Florence Montmare - Illuminations
Exhibit currently at the Roger Smith Hotel
501 Lexington Avenue(between 47th and 48th streets)

12 years have passed, since this project was originally conceived and the relationship disintegrated. On the 12th of October Florence will wait for her previous partner to complete the works by waiting in bed for 12 hours in the Ivy Brown Gallery to take one last picture together.
Florence - “I count the minutes and hope for the best, I live in a glasshouse of expectations, come let’s listen to the rain together. 12 is my lucky number.” Sometimes there are only questions.
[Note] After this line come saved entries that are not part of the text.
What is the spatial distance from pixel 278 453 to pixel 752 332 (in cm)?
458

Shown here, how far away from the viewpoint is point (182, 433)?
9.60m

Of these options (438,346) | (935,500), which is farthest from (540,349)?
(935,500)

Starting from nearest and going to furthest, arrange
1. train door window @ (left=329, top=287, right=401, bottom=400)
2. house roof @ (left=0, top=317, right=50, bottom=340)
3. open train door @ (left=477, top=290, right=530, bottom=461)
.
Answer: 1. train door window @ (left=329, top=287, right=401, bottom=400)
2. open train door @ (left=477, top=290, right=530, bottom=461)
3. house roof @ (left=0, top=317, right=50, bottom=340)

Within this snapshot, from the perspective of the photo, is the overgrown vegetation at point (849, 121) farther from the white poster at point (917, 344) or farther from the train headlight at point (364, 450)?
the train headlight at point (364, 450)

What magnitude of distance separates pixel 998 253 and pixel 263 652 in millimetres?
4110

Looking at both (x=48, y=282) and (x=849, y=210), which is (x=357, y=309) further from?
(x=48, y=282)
Watch Illuminations by Florence Montmare:


Florence Montmare is an artist whose creative search has drawn her across the globe. Florence was born in Vienna and raised in Stockholm by Swedish and Greek parents, she graduated with an MBA in Innovation and Design Management from Linnaeus University in Sweden, and subsequently worked for several years as a creative consultant in corporate advertising. Seeking challenge, she took $200 and a single suitcase with her to New York City in 1995, transitioning simultaneously from the corporate to the fine art sphere. In the following years, she traveled South America with only her Nikon F-301, a backpack full of TRI-X, and a diary, and worked on creative collaborations with international creative agencies and renowned artists such as Sam Samore and Robert Blake. After graduating from the International Center of Photography in 2000, Florence established the image and design company Flow Image in Sweden and Florence Montmare Studio in New York and Stockholm. She currently creates and directs creative content for print and online media, exhibitions, television and film, while lecturing and showing at Universities and galleries internationally. Most of Florence’s work is process based - from concept to performance. Her writing, photography, video, performance, and installations are all utilized, exploring the themes of identity, concepts of beauty, intimacy and disconnection. Her fragmented stories function as a catalyst for the viewer’s personal fantasies, a open door into one’s own self-discovery.”